■ **PROBLEM**
Would you return the data below exactly as it stands, with every picture left out?

◇ ◇ ◇ ◇

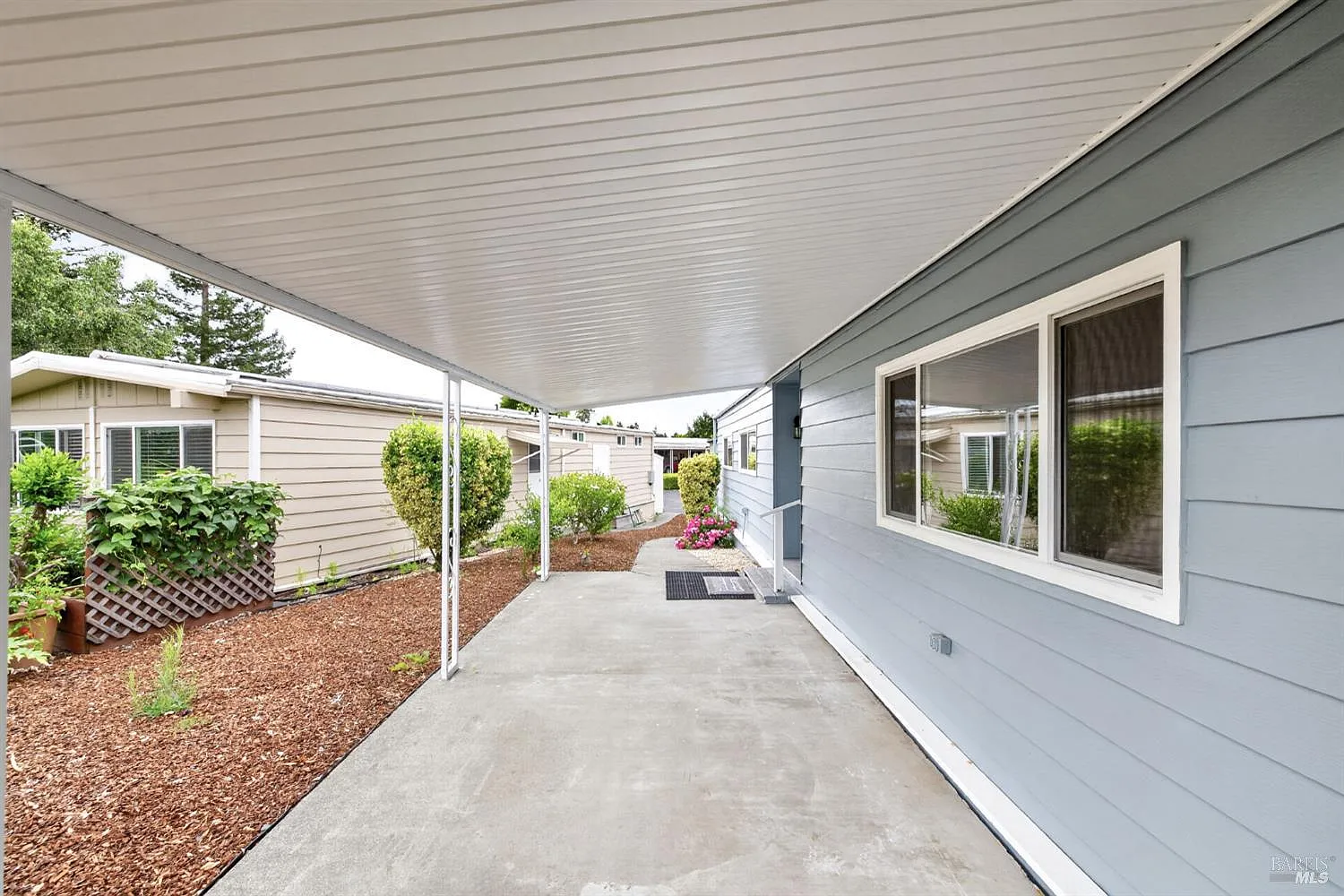 21 Sequoia Circle - Photo 8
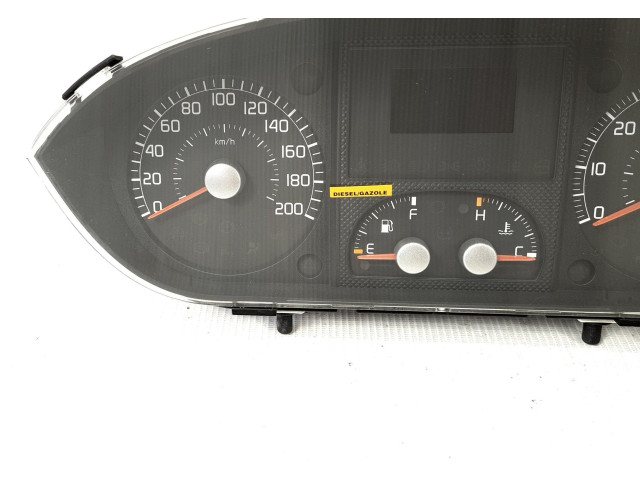 Спидометр (приборный щиток) 735470249, 188A9000   Fiat Idea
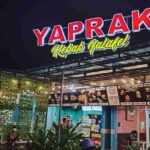 Suasana restoran kebab di kawasan Ungasan yang menjadi tempat berkumpul wisatawan mancanegara.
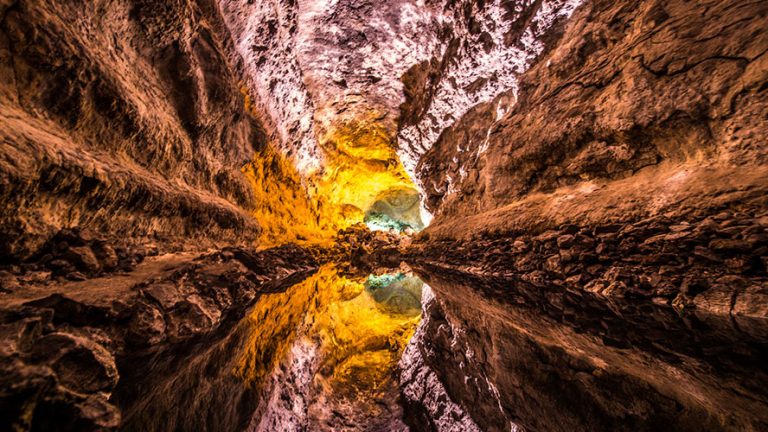 Cueva de los Verdes, un espectáculo de luces y sombras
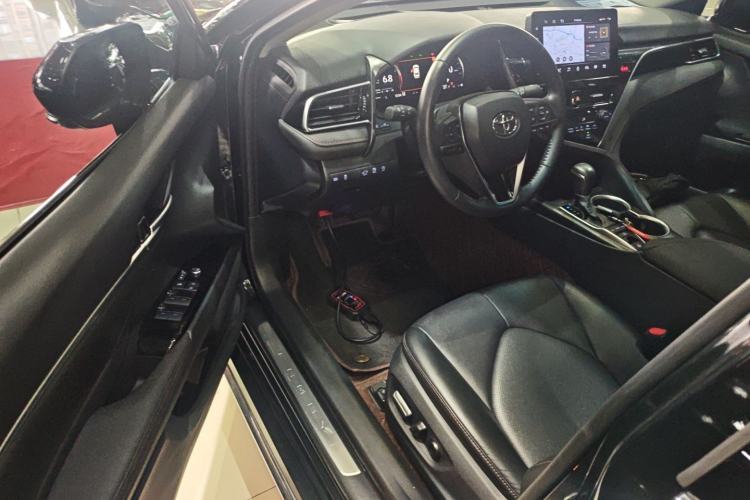 Used Toyota Camry 2023 2.5G Luxury Edition
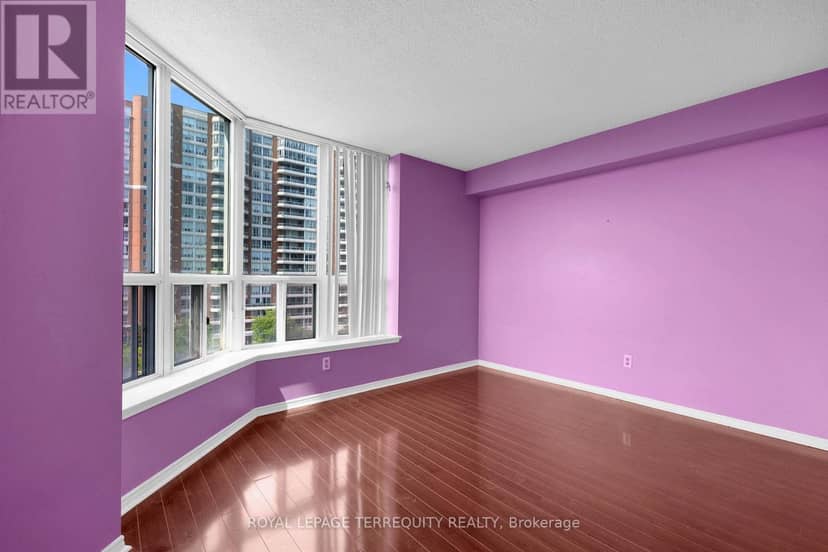 602 - 400 McLevin Avenue — photo 18 of 36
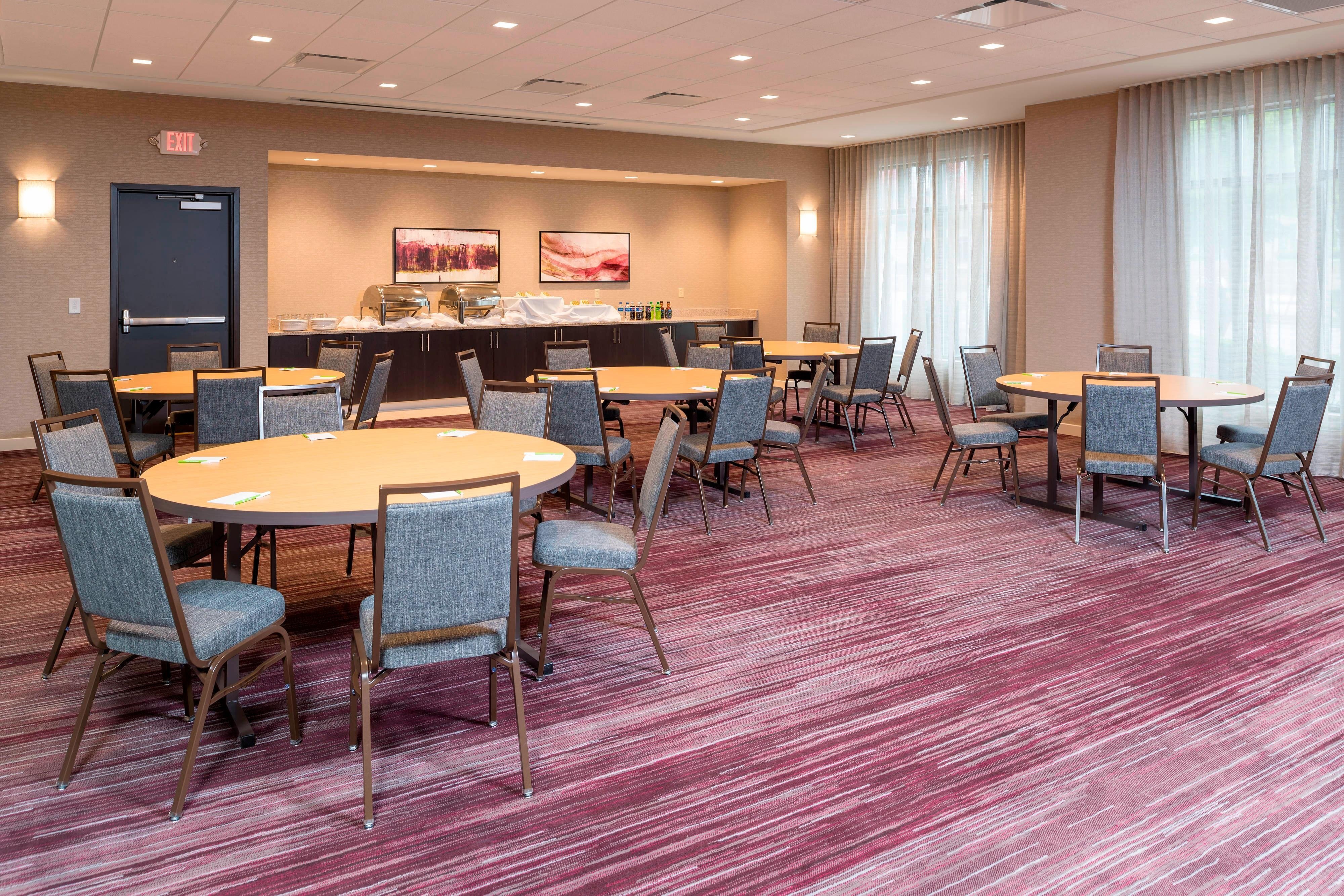 COURTYARD BY MARRIOTT LOUISVILLE DOWNTOWN 166 1 9 9 Updated   Bluegrass Meeting Room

◇ ◇ ◇ ◇

■ **COMPLETED TASK**
 21 Sequoia Circle - Photo 8
 Спидометр (приборный щиток) 735470249, 188A9000   Fiat Idea
 Suasana restoran kebab di kawasan Ungasan yang menjadi tempat berkumpul wisatawan mancanegara.
 Cueva de los Verdes, un espectáculo de luces y sombras
 Used Toyota Camry 2023 2.5G Luxury Edition
 602 - 400 McLevin Avenue — photo 18 of 36
 COURTYARD BY MARRIOTT LOUISVILLE DOWNTOWN 166 1 9 9 Updated   Bluegrass Meeting Room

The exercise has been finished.